Elizabeth Price 1900
ELIZABETH PRICE, brigantine : When 42 days out on a voyage from Bundaberg, Queensland, to Dunedin, with a cargo of scrap iron for the Otago Iron Rolling Mills Ltd., the brigantine went ashore on the night of July 3, 1900, at Long Point, Mahia Peninsula, and became a total wreck. The master of the Elizabeth Price stated that after a tempestuous passage from Bundaberg to Cape Maria Van Diemen a course was steered for the East Cape in continuance of her voyage to Dunedin, following her call at Russell. The vessel made a very good run down the coast until Portland Island was reached, when very dirty weather -a strong gale from the SSW. and high seaswas met with. Shelter was taken under Long Point, and on July 3 she dragged her anchor. A second anchor proved useless, and the brigantine gradually drifted on to the rocks and settled down, quickly becoming a total wreck.
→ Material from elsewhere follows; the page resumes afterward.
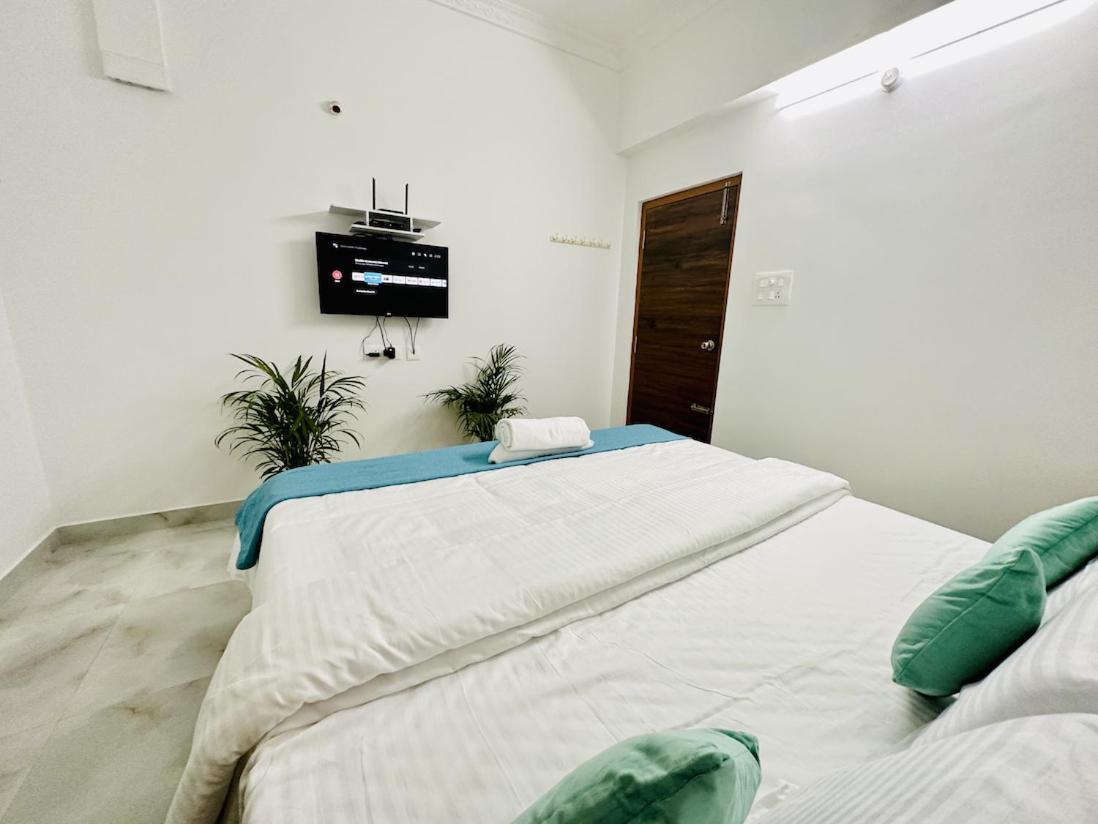 Tirupati Homestay: Luxury AC Apartments with Fast Wi-Fi near Temples Exterior photo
The crew of seven hands reached the shore safely in the ship’s boat and were well cared for by the station hands at Mahia until they were taken off by the steamer Tangaroa, which landed them at Napier on July 12. The Court of Inquiry was of the opinion that, considering the exposed position of the anchorage, more care might have been taken in keeping the anchor watch by using the lead, otherwise every precaution was taken for the safety of the vessel. No order was made as to the costs of the inquiry, and the master’s and mate’s certificates were returned to them.
The Elizabeth Price, No. 62,468, was a wooden brigantine of 98 tons register, formerly the schooner Glide, built at Yarmouth in 1873, and her dimensions were : length 85 ft., beam 21.4 ft., depth 10.3 ft. She was owned by Messrs. T. Hughes and J. A. S. Murray, and was under the command of Captain Thomas Hughes.